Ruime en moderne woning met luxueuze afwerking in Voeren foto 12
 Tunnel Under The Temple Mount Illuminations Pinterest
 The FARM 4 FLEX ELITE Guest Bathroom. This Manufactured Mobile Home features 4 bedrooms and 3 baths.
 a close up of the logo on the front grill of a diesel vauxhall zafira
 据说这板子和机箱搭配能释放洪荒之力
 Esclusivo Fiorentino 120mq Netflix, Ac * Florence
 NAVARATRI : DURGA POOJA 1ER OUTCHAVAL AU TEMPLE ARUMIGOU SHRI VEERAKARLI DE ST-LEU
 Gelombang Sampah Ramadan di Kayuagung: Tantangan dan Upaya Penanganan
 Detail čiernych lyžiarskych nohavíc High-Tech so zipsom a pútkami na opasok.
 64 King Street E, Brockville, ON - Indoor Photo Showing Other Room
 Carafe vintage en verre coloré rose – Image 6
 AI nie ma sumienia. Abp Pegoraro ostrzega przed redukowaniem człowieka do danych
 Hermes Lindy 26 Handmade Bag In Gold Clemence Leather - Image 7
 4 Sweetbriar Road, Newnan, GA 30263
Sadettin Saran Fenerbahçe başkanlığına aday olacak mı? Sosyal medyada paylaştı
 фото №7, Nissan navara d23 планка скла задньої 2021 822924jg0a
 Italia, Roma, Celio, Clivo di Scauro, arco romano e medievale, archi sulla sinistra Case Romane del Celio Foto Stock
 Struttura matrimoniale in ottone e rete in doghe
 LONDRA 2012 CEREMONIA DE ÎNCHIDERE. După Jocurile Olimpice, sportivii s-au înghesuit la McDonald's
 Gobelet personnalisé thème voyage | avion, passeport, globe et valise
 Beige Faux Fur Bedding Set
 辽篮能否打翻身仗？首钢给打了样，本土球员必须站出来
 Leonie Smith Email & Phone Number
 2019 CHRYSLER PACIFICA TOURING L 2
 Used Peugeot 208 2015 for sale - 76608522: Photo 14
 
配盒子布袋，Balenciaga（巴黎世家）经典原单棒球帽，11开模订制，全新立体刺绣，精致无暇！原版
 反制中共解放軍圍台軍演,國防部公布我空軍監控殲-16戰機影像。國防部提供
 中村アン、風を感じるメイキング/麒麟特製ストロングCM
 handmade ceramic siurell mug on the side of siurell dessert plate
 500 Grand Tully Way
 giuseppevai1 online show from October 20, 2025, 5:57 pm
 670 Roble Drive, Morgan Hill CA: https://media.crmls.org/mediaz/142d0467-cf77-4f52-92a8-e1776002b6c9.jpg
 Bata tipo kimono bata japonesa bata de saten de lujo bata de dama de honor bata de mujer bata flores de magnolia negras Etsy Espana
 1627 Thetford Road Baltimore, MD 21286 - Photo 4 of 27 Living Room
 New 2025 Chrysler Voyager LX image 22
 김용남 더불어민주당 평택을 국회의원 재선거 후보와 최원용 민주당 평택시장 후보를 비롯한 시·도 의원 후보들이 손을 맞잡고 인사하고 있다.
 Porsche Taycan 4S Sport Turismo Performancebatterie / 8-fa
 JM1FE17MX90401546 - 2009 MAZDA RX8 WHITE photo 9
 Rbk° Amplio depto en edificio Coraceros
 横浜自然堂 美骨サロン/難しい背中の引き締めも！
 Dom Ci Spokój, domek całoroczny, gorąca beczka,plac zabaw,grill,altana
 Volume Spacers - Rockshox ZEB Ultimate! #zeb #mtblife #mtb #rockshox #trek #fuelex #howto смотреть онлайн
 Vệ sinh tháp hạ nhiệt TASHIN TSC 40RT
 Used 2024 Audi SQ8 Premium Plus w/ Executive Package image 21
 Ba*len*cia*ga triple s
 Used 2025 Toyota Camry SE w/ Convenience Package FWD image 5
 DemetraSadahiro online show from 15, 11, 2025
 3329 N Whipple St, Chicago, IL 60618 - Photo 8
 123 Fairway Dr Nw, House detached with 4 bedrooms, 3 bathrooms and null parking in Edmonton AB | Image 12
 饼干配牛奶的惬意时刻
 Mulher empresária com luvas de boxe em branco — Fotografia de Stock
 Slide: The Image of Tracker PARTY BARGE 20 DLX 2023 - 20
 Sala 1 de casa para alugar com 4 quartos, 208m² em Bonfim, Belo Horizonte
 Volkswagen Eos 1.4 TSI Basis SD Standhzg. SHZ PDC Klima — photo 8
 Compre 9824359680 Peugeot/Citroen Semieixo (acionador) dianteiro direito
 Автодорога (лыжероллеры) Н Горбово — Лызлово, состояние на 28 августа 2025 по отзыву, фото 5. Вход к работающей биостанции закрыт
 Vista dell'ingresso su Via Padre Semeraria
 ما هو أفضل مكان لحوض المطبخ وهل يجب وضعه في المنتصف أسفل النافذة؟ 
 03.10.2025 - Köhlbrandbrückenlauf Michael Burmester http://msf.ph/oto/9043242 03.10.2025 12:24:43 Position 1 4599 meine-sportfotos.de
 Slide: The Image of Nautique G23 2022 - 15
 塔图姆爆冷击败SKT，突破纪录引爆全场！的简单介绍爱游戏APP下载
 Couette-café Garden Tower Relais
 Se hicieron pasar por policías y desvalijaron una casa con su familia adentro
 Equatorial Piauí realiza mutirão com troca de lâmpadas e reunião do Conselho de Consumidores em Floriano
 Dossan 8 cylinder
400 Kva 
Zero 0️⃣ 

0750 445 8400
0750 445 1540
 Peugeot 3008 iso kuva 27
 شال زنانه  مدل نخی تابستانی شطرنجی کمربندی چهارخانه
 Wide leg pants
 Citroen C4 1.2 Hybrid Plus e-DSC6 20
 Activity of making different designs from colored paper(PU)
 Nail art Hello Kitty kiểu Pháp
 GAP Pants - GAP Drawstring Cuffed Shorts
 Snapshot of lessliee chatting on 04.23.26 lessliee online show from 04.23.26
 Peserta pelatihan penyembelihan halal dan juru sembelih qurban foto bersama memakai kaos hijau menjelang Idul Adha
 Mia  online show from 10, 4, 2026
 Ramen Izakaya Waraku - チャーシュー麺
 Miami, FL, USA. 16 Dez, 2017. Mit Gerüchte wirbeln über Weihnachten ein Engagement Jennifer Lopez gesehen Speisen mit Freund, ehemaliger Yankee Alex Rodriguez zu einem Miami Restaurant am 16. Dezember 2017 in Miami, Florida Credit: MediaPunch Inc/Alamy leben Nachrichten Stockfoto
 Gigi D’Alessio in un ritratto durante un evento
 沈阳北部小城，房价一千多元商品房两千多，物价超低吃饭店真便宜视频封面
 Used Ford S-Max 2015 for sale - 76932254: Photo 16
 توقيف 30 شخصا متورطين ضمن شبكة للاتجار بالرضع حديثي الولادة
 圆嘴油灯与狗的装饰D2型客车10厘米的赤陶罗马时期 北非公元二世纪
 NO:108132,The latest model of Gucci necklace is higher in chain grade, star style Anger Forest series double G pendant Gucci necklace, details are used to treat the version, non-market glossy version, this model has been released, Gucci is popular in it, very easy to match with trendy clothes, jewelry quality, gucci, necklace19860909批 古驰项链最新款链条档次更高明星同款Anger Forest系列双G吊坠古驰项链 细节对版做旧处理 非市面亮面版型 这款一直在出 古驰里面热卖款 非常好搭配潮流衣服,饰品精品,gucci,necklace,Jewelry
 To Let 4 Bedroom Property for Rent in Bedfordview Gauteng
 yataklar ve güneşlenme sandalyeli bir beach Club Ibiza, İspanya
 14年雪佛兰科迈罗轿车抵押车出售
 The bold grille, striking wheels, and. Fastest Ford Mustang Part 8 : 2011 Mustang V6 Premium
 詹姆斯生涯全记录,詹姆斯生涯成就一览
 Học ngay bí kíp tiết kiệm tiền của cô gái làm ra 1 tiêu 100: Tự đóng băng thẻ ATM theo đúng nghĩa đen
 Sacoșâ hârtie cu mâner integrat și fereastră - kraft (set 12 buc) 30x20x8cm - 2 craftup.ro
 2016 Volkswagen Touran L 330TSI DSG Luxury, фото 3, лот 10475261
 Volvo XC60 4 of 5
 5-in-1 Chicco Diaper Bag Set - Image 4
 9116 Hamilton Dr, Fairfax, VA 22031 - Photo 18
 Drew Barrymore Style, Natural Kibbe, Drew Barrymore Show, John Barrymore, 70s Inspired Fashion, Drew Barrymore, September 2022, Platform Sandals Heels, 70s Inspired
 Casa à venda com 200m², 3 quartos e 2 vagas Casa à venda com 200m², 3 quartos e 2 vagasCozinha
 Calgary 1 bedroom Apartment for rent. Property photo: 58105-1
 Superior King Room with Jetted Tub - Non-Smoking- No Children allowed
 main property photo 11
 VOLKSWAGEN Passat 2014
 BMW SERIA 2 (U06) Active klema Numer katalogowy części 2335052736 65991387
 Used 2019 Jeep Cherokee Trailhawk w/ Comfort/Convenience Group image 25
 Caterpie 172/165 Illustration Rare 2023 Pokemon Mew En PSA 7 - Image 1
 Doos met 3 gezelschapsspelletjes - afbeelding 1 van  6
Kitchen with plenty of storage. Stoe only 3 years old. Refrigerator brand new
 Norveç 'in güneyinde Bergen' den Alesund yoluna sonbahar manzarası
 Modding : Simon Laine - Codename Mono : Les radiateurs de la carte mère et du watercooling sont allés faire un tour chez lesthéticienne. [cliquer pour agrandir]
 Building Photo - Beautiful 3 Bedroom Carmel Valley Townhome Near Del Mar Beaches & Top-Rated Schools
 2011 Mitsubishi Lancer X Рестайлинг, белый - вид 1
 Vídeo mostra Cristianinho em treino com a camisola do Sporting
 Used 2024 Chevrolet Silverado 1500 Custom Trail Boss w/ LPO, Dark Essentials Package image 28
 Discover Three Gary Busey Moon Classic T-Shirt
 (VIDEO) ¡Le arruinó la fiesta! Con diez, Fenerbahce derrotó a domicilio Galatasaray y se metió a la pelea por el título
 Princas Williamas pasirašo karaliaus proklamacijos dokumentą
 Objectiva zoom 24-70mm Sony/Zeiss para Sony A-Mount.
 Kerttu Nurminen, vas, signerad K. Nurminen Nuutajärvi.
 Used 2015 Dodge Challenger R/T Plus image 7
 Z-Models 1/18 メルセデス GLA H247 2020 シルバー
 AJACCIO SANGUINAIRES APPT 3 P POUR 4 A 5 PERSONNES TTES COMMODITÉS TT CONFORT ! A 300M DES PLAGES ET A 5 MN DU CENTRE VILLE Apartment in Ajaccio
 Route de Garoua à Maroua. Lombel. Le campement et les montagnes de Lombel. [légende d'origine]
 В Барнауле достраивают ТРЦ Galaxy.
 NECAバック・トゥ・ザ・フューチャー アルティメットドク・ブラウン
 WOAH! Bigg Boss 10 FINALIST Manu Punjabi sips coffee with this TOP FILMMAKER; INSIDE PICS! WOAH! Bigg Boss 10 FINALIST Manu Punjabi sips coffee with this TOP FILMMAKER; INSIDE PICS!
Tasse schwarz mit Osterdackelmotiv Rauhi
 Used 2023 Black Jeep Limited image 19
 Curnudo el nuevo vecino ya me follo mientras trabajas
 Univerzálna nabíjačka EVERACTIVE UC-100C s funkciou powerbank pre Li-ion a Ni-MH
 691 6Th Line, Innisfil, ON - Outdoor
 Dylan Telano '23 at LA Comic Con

**Activity**
Going through the listing above, tally the lines that contain the word "Mount" and report the total alone.

**Response to the exercise**
2